Faculty in the Media: On Post-Roe Life in the US, Transgender Marxism, and Praise for Abolish the Family
Faculty member Sophie Lewis recently took to the airwaves to discuss gender, bodily autonomy, social reproduction, and radical politics—first on the podcast Politics Theory Other, then at this year’s Socialism Conference in Chicago. Meanwhile, the New Statesman heaps praise on her latest book Abolish the Family, calling Lewis “our most eloquent, furious and funny critic of how the family is a terrible way to satisfy all of our desires for love, care, nourishment.”

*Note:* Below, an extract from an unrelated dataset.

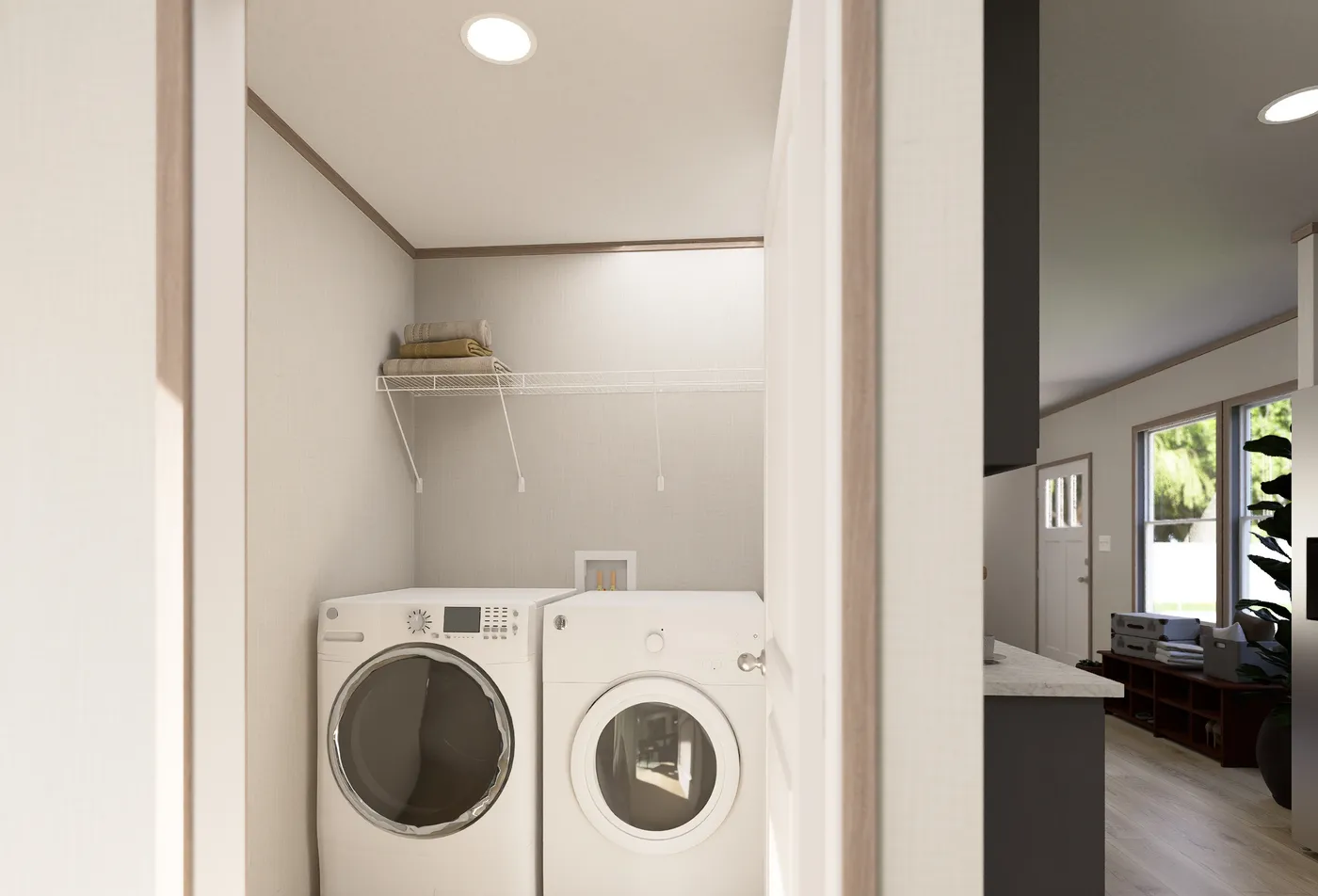 The ULTRA FLEX ANNIVERSARY PLUS Utility Room. This Manufactured Mobile Home features 3 bedrooms and 2 baths.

In conversation with Politics Theory Other host Alex Doherty not long after the US Supreme Court overturned Roe v. Wade, Lewis parses the import of the decision, noting, on the one hand, how punitive state restrictions on abortion have effectively meant that millions of Americans already were living in a post-Roe situation, and, on the other, what this decision might portend for American liberals’ faith in public institutions. Also up for discussion was Lewis’s recent article in The Nation on why gestation is labor—often “deadly dangerous labor”—and, as such, no one should be forced to perform it.
Next, in Chicago, Lewis was joined by fellow BISR faculty Kade Doyle Griffiths for a live-streamed panel discussion on Transgender Marxism, a recent anthology (Pluto Press) edited by co-panelist Jules Joanne Gleeson, to which Griffiths also contributed an essay. Lewis, Gleeson, and Griffiths, while also taking questions from the audience, ask how we might develop a politics of trans-consciousness through the frame of revolutionary class consciousness, as two “streams of self-knowledge and interlocking struggles.”